The proposed numerical simulation approach provides valuable insights into the behaviour of CrN-coated 316L stainless steel under different cavitation erosion conditions. The load parameters from cavitation pit geometries, considering strain rates at high collision velocities were estimated using the dynamic explicit method. The simulations show a clear relationship between the impact velocity and the degradation of the coating. At lower velocities (100 and 200 m/s), the CrN coating effectively protects the substrate, preventing it from exceeding its yield stress. At higher velocities (500 m/s), the protective effect of the coating diminishes, leading to substrate deformation and increased crater depth. For lower collision velocities, the protective properties of the coating prevail for the first as well as for the subsequent impact. The CrN coating demonstrates significant protective properties, reducing the extent and depth of deformation compared to uncoated 316L steel.

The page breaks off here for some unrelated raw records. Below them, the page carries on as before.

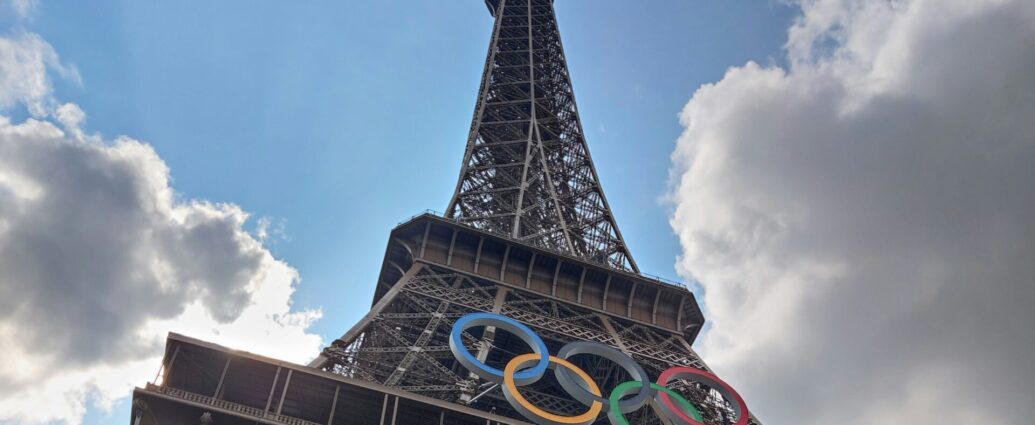 Blue, green, red, yellow and black Olympic rings on the Eiffel Tower representing 2024 Olympic records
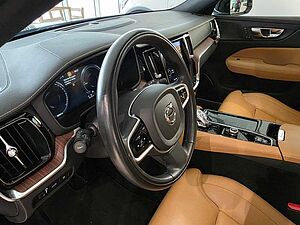 Volvo  Plus Bright Recharge Plug-In Hybrid AWD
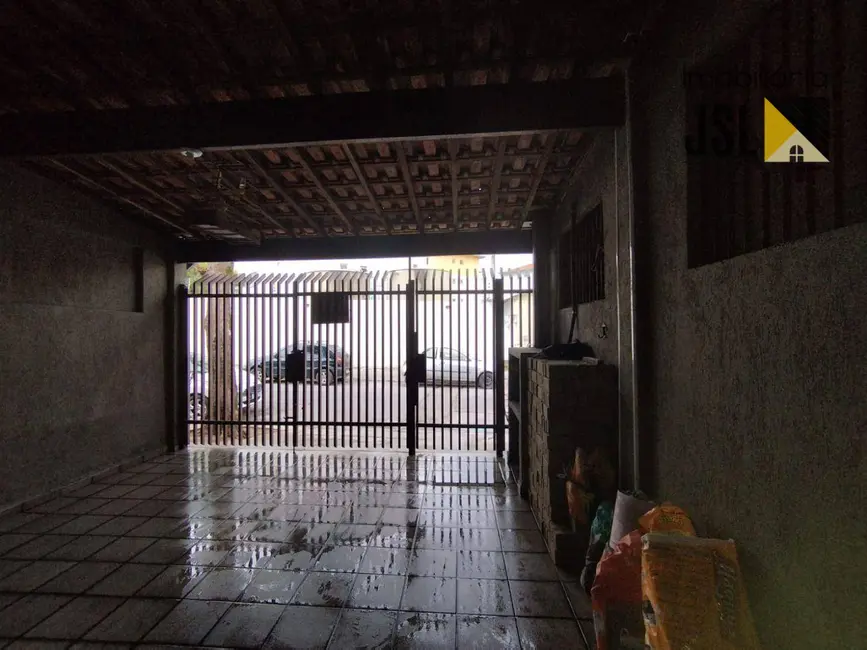 Casa com 3 quartos à venda, 125m2 em Sao Jose Dos Campos - SP - imagem 3 Foto 3 de Casa com 3 quartos à venda, 125m2 em Sao Jose Dos Campos - SP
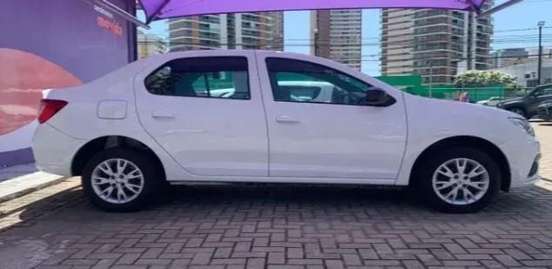 RENAULT-LOGAN-2024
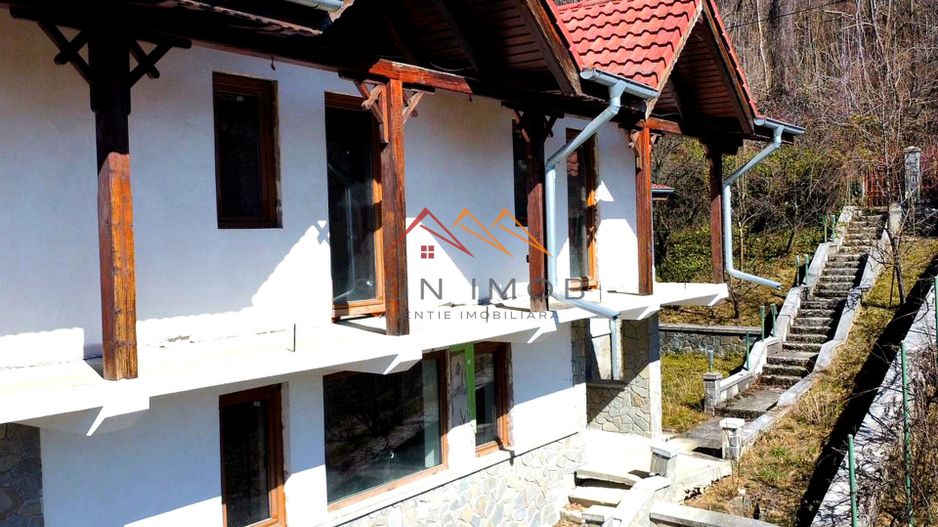 Vila S+P+E, priveliste deosebita, 6 camere, garaj, terasa, Cornu, PH - Poză 3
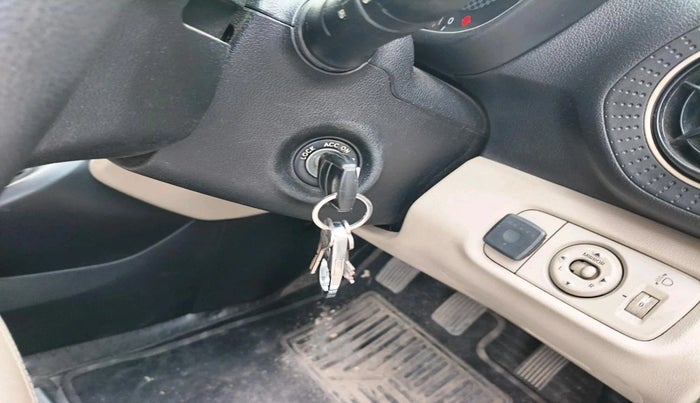 2019 Hyundai NEW SANTRO SPORTZ CNG, CNG, Manual, 88,573 km, interior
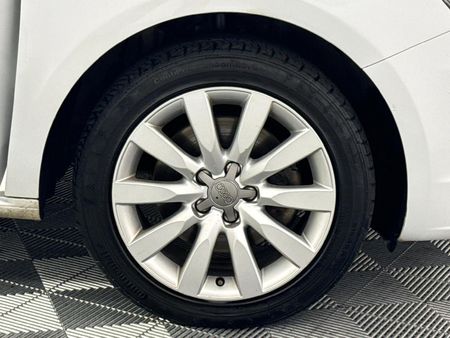 2013-Audi-A1-Sportback-16-TDI-Ambition_5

In applications where the coated component is subject to high wear and moderate impact, ceramic coating hardness is beneficial. However, in applications involving high impact or flexural stresses, its brittleness is a potential drawback as the substrate may be subject to delamination. In the presented results, the brittleness of the ceramic coating is counterbalanced by the ductility of the metal substrate, contributing to the overall durability of the coated component. The specific application and operational conditions play a significant role in determining the suitability of considered coatings.

The proposed numerical simulation approach can be directly applied to engineering practices, offering insight for optimising the coating thickness in response to specific cavitation load intensities. This ensures that coatings can be tailored to enhance durability and performance in hydropower machinery and other applications subjected to cavitating environments. In future studies, the effects of cavitation erosion caused by multiple successive microjet impacts over a larger surface area will be investigated, as this scenario more accurately represents the complexity of the real erosion process.